Es klopfte drei Mal an der Tür, und Sankari kam herein. Axberg fiel auf, dass sein kahler Kopf rot vor Sonnenbrand war. Dadurch bekam der ansonsten so beruhigende Anblick des Kollegen etwas fast Boshaftes.
»Hallo«, sagte Axberg. »Wie geht’s?«
Sankari setzte sich auf einen Stuhl auf der anderen Seite des Schreibtischs. Er kratzte sich am Bart und blinzelte mit den Augen. Axberg wusste schon lange, dass Sankari gute Nachrichten brachte, wenn er so zufrieden aussah.
»Möglicherweise haben wir was in dem Drogenfall entdeckt . . .«
Sankari sprach langsam, als wollte er es noch eine Weile auskosten.
»Wir haben am Hedengrenska Gymnasium eine Lehrerin gefunden, die glaubt, etwas gesehen zu haben.«
Axberg nickte.
»Ein Auto«, fuhr Sankari fort. »Genauer gesagt, einen schwarzen BMW, der an zwei aufeinanderfolgenden Freitagen um die Schule herumfuhr. Beide Male am Nachmittag, als die Schule zu Ende war und die Schüler nach Hause gingen.«
Sankari lehnte sich zurück und machte eine Pause.
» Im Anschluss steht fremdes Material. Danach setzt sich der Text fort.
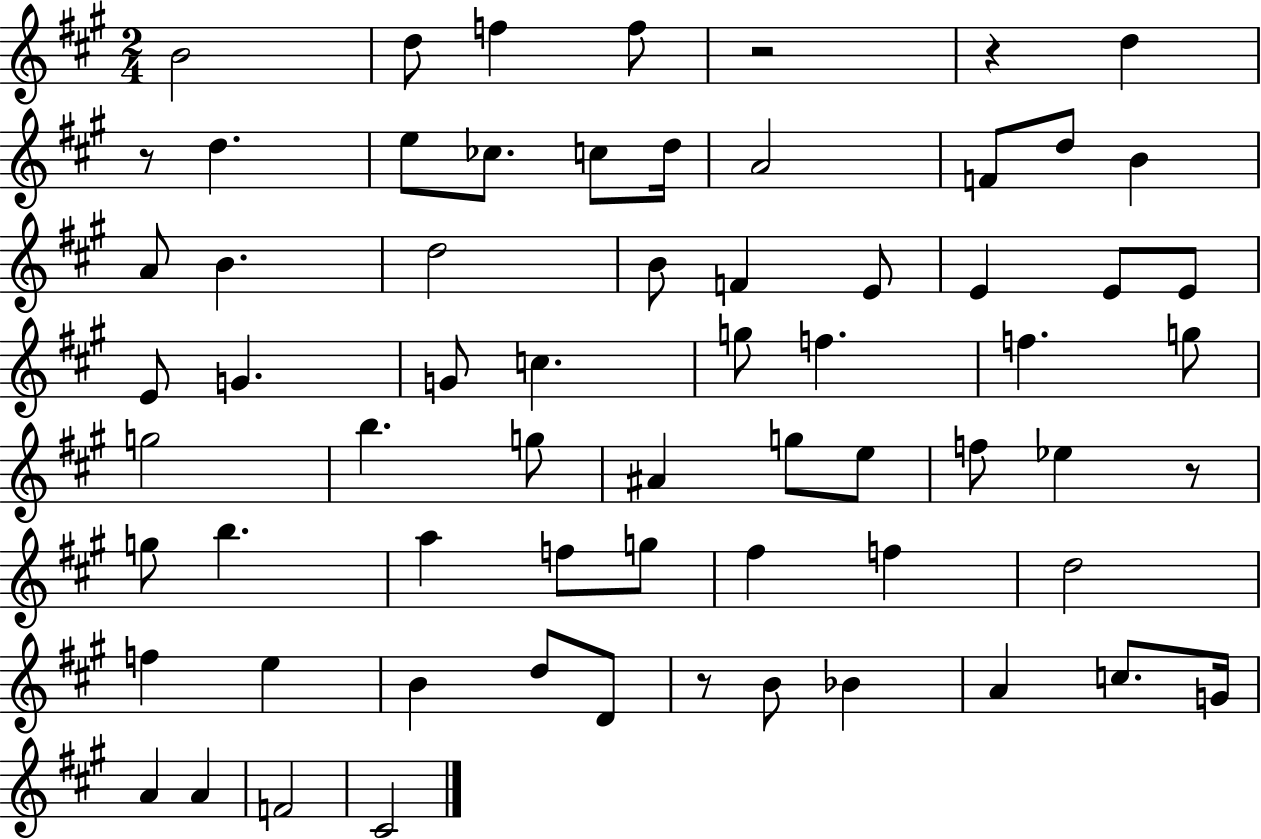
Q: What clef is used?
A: treble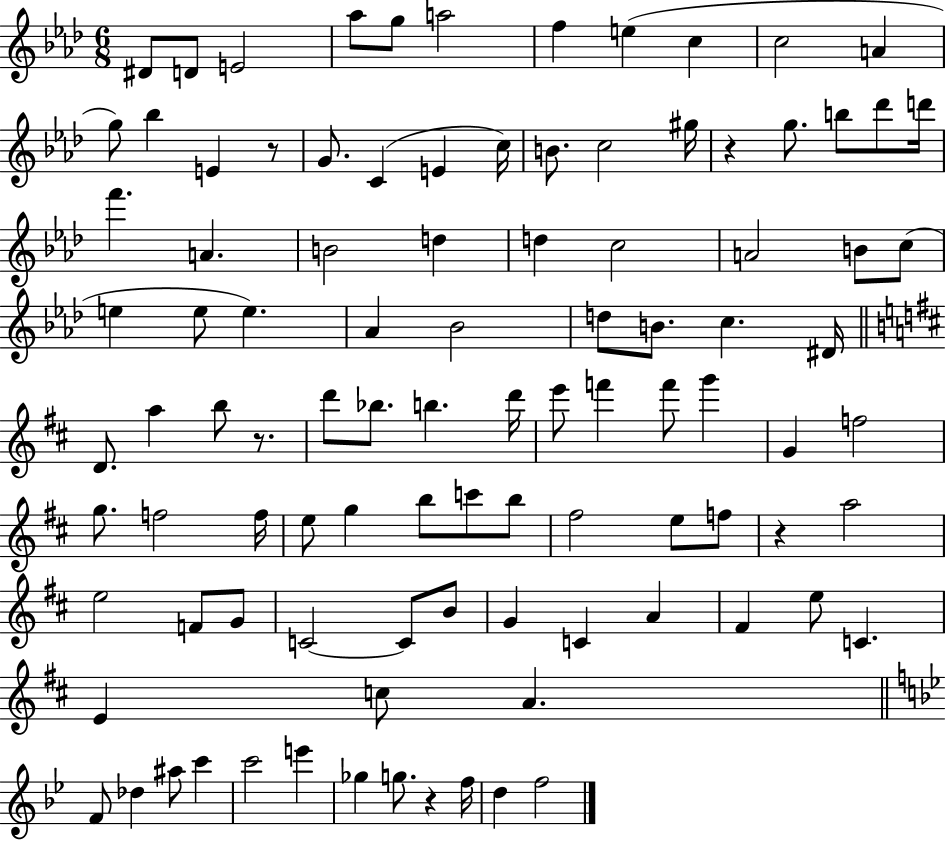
D#4/e D4/e E4/h Ab5/e G5/e A5/h F5/q E5/q C5/q C5/h A4/q G5/e Bb5/q E4/q R/e G4/e. C4/q E4/q C5/s B4/e. C5/h G#5/s R/q G5/e. B5/e Db6/e D6/s F6/q. A4/q. B4/h D5/q D5/q C5/h A4/h B4/e C5/e E5/q E5/e E5/q. Ab4/q Bb4/h D5/e B4/e. C5/q. D#4/s D4/e. A5/q B5/e R/e. D6/e Bb5/e. B5/q. D6/s E6/e F6/q F6/e G6/q G4/q F5/h G5/e. F5/h F5/s E5/e G5/q B5/e C6/e B5/e F#5/h E5/e F5/e R/q A5/h E5/h F4/e G4/e C4/h C4/e B4/e G4/q C4/q A4/q F#4/q E5/e C4/q. E4/q C5/e A4/q. F4/e Db5/q A#5/e C6/q C6/h E6/q Gb5/q G5/e. R/q F5/s D5/q F5/h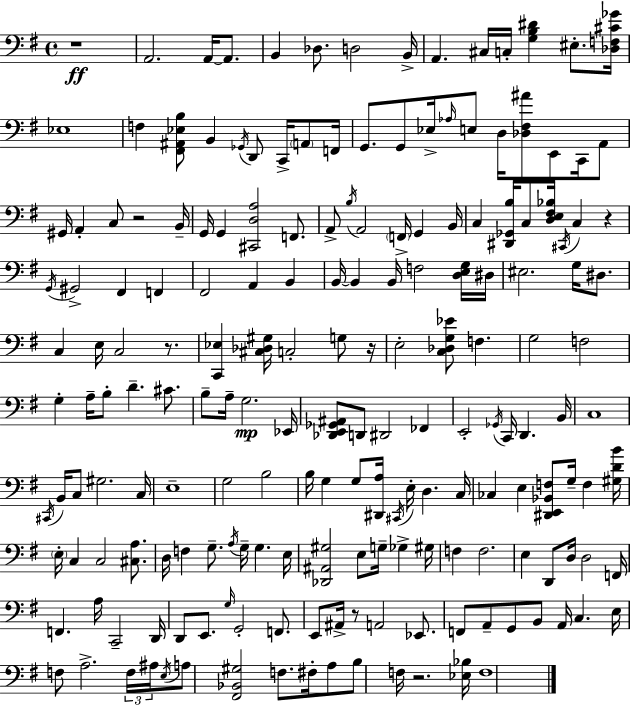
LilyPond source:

{
  \clef bass
  \time 4/4
  \defaultTimeSignature
  \key g \major
  r1\ff | a,2. a,16~~ a,8. | b,4 des8. d2 b,16-> | a,4. cis16 c16-. <g b dis'>4 eis8.-. <des f cis' ges'>16 | \break ees1 | f4 <fis, ais, ees b>8 b,4 \acciaccatura { ges,16 } d,8 c,16-> \parenthesize a,8 | f,16 g,8. g,8 ees16-> \grace { aes16 } e8 d16 <des fis ais'>8 e,8 c,16 | a,8 gis,16 a,4-. c8 r2 | \break b,16-- g,16 g,4 <cis, d a>2 f,8. | a,8-> \acciaccatura { b16 } a,2 \parenthesize f,16-> g,4 | b,16 c4 <dis, ges, b>16 c8 <d e fis bes>16 \acciaccatura { cis,16 } c4 | r4 \acciaccatura { g,16 } gis,2-> fis,4 | \break f,4 fis,2 a,4 | b,4 b,16~~ b,4 b,16 f2 | <d e g>16 dis16 eis2. | g16 dis8. c4 e16 c2 | \break r8. <c, ees>4 <cis des gis>16 c2-. | g8 r16 e2-. <c des g ees'>8 f4. | g2 f2 | g4-. a16-- b8-. d'4.-- | \break cis'8. b8-- a16-- g2.\mp | ees,16 <des, e, ges, ais,>8 d,8 dis,2 | fes,4 e,2-. \acciaccatura { ges,16 } c,16 d,4. | b,16 c1 | \break \acciaccatura { cis,16 } b,16 c8 gis2. | c16 e1-- | g2 b2 | b16 g4 g8 <dis, a>16 \acciaccatura { cis,16 } | \break e16-. d4. c16 ces4 e4 | <dis, e, bes, f>8 g16-- f4 <gis d' b'>16 \parenthesize e16-. c4 c2 | <cis a>8. d16 f4 g8.-- | \acciaccatura { a16 } g16-- g4. e16 <des, ais, gis>2 | \break e8 g16-- ges4-> gis16 f4 f2. | e4 d,8 d16 | d2 f,16 f,4. a16 | c,2-- d,16 d,8 e,8. \grace { g16 } g,2-. | \break f,8. e,8 ais,16-> r8 a,2 | ees,8. f,8 a,8-- g,8 | b,8 a,16 c4. e16 f8 a2.-> | \tuplet 3/2 { f16 ais16 \acciaccatura { e16 } } a8 <fis, bes, gis>2 | \break f8. fis16-. a8 b8 f16 r2. | <ees bes>16 f1 | \bar "|."
}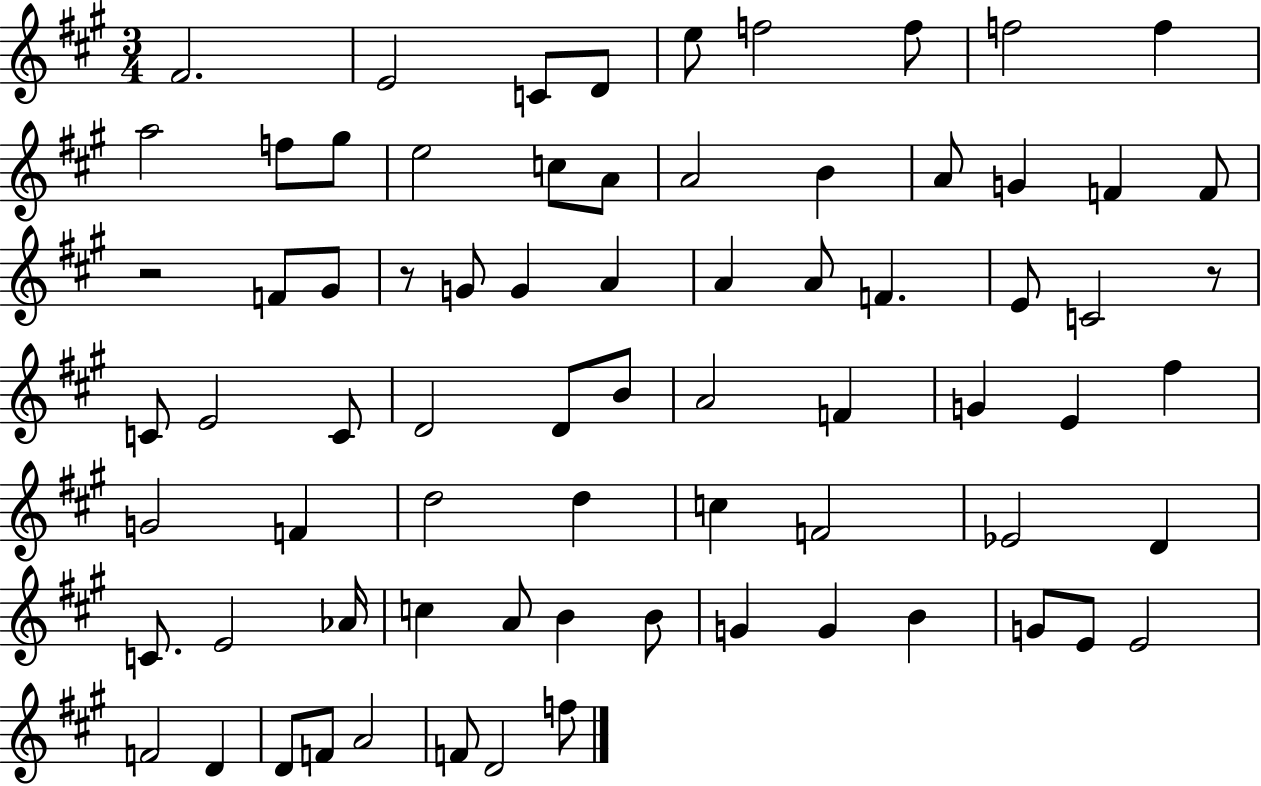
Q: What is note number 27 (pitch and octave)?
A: A4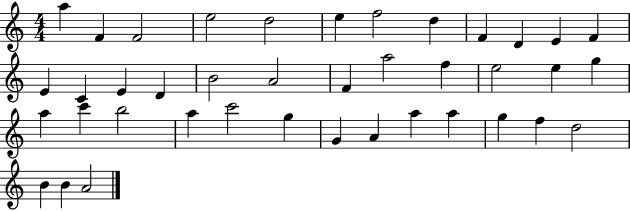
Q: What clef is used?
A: treble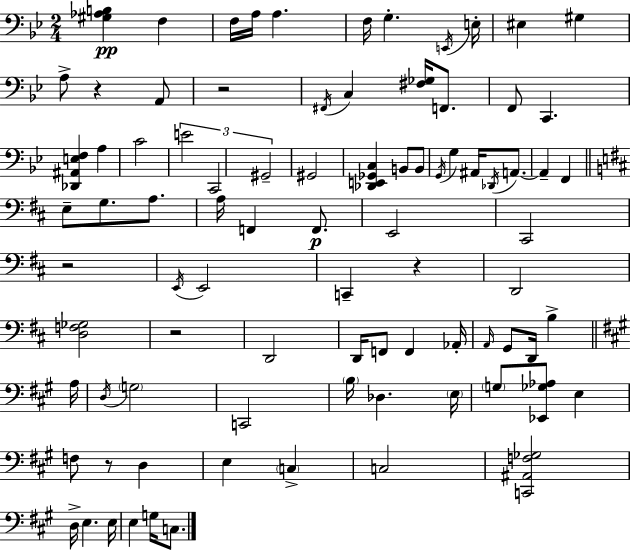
{
  \clef bass
  \numericTimeSignature
  \time 2/4
  \key g \minor
  \repeat volta 2 { <gis aes b>4\pp f4 | f16 a16 a4. | f16 g4.-. \acciaccatura { e,16 } | e16-. eis4 gis4 | \break a8-> r4 a,8 | r2 | \acciaccatura { fis,16 } c4 <fis ges>16 f,8. | f,8 c,4. | \break <des, ais, e f>4 a4 | c'2 | \tuplet 3/2 { e'2 | c,2 | \break gis,2-- } | gis,2 | <des, e, ges, c>4 b,8 | b,8 \acciaccatura { g,16 } g4 ais,16 | \break \acciaccatura { des,16 } a,8.~~ a,4-- | f,4 \bar "||" \break \key d \major e8-- g8. a8. | a16 f,4 f,8.\p | e,2 | cis,2 | \break r2 | \acciaccatura { e,16 } e,2 | c,4-- r4 | d,2 | \break <d f ges>2 | r2 | d,2 | d,16 f,8 f,4 | \break aes,16-. \grace { a,16 } g,8 d,16 b4-> | \bar "||" \break \key a \major a16 \acciaccatura { d16 } \parenthesize g2 | c,2 | \parenthesize b16 des4. | \parenthesize e16 \parenthesize g8 <ees, ges aes>8 e4 | \break f8 r8 d4 | e4 \parenthesize c4-> | c2 | <c, ais, f ges>2 | \break d16-> e4. | e16 e4 g16 c8. | } \bar "|."
}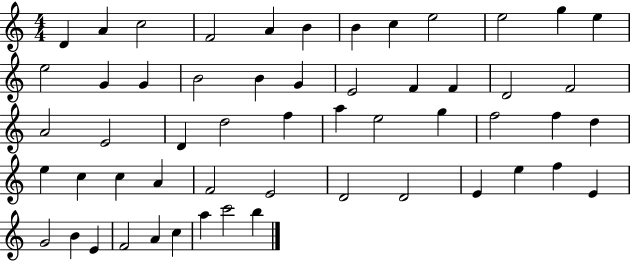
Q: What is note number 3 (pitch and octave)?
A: C5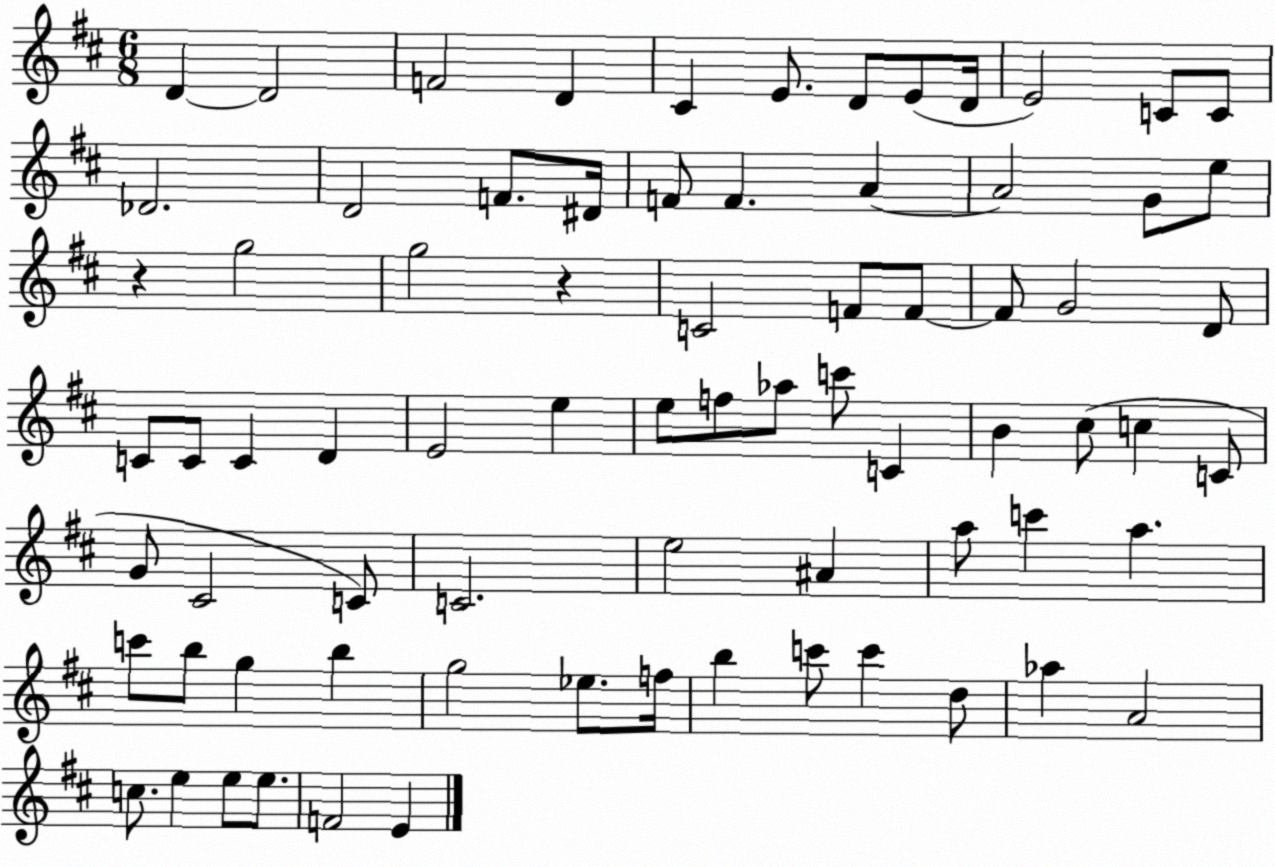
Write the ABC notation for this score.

X:1
T:Untitled
M:6/8
L:1/4
K:D
D D2 F2 D ^C E/2 D/2 E/2 D/4 E2 C/2 C/2 _D2 D2 F/2 ^D/4 F/2 F A A2 G/2 e/2 z g2 g2 z C2 F/2 F/2 F/2 G2 D/2 C/2 C/2 C D E2 e e/2 f/2 _a/2 c'/2 C B ^c/2 c C/2 G/2 ^C2 C/2 C2 e2 ^A a/2 c' a c'/2 b/2 g b g2 _e/2 f/4 b c'/2 c' d/2 _a A2 c/2 e e/2 e/2 F2 E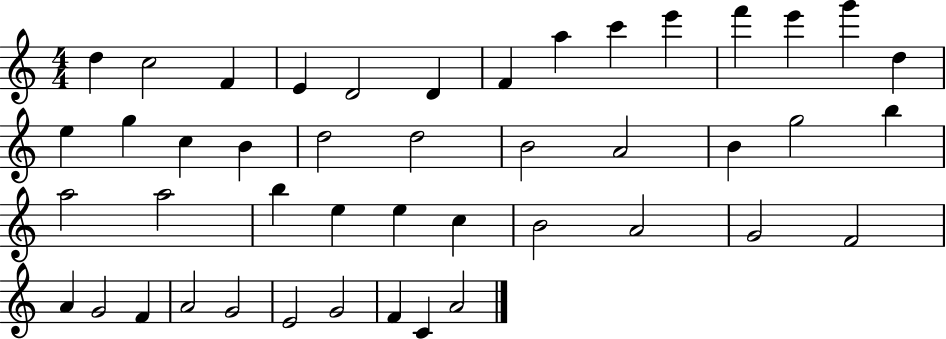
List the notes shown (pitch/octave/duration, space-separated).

D5/q C5/h F4/q E4/q D4/h D4/q F4/q A5/q C6/q E6/q F6/q E6/q G6/q D5/q E5/q G5/q C5/q B4/q D5/h D5/h B4/h A4/h B4/q G5/h B5/q A5/h A5/h B5/q E5/q E5/q C5/q B4/h A4/h G4/h F4/h A4/q G4/h F4/q A4/h G4/h E4/h G4/h F4/q C4/q A4/h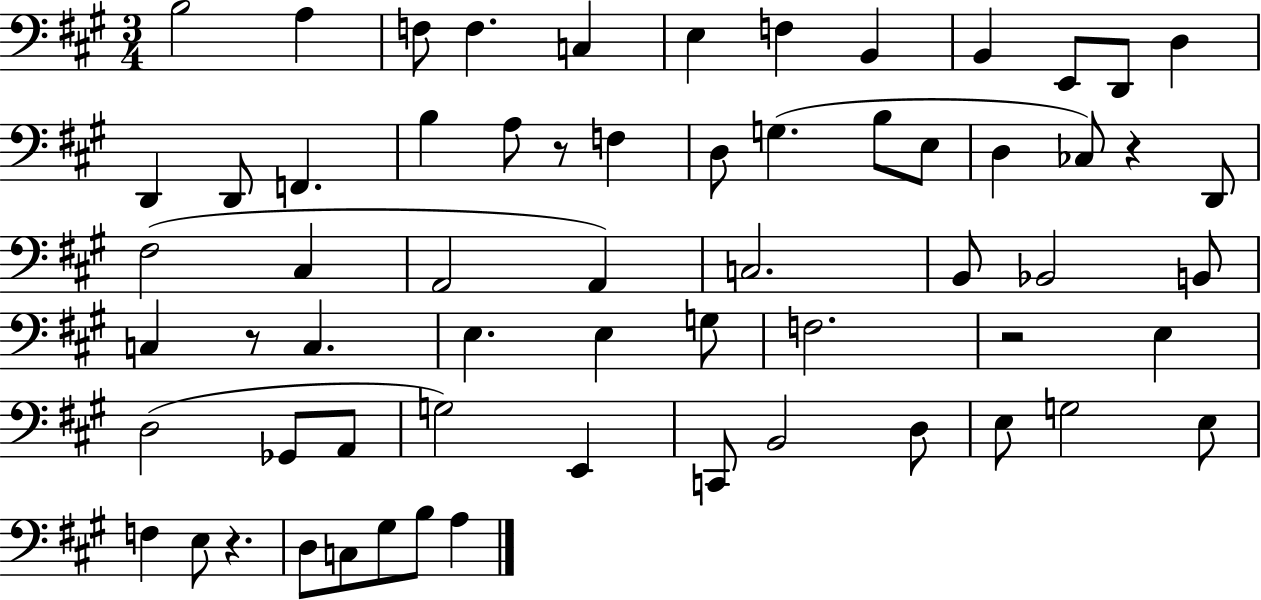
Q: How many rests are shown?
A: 5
»Sprich weiter«, sagte Axberg.
»Da sie wusste, dass die Schüler in letzter Zeit mehr Drogen nehmen, schrieb sie sich die Autonummer auf.«
»Hat sie den Fahrer gesehen?«
»Nein, die Scheiben waren dunkel. Außerdem war sie sich auch nicht sicher, ob der Wagen überhaupt angehalten hat. Sie war nämlich in ihrem Klassenzimmer und hatte keine komplette Übersicht.«
Axberg verzog müde das Gesicht.
»Wem gehört das Auto?«
»Warte, dazu komme ich noch . . .«
Sankari rieb sich ein paar lose Hautschuppen vom Nasenrücken.
»In diesem Zusammenhang ist es interessant, dass der Wagen auch bei dieser großen Raveparty in der aufgegebenen Reifenfabrik am Hafen diesen Winter gesehen wurde. Damals gehörte der BMW zu den Autos, die uns verdächtig vorkamen. Es wurde zwar nichts beschlagnahmt, aber wir haben ein paar Jugendliche erwischt, die was anderes im Blut hatten als nur Sachen aus Papas Bar.«
»Ich erinnere mich daran«, sagte Axberg. »Alle haben sich geweigert zu erzählen, was sie genommen haben und woher sie es hatten.«
»Genau«, sagte Sankari und wischte sich ein paar Schweißtropfen von der Stirn. »Verdammt warm. Kannst du noch ein paar Fenster aufmachen?«
Axberg öffnete alle Fenster und ließ Luft hinein, die fast noch stickiger war als die drinnen.
»Der Wagen gehört einem gewissen Ralf Sedin«, fuhr Sankari fort.
»Klingt bekannt. Was haben wir über ihn?«
»Ein Kleinkrimineller mit dem üblichen Kram. Misshandlungen, Hehlerei, Autodiebstahl. Für Geld macht er fast alles. Aber keine schweren Verbrechen.«
»Wo befindet er sich jetzt?«
»Hier in der Stadt und fährt in ebendem Auto durch die Gegend. Wenn wir Glück haben, taucht er heute vielleicht noch einmal auf. Aber bei diesem Durcheinander müssen wir ganz vorsichtig an den Fäden ziehen. Sonst wird das ganze Knäuel zu einem Knoten, der sich nicht mehr entwirren lässt.«
Axberg stand auf.
»Klingt, als bekämen wir vielleicht trotzdem den Weg hinein, den wir brauchen. Sag mir Bescheid, sobald etwas passiert.«
»Aber sicher«, sagte Sankari und trottete davon.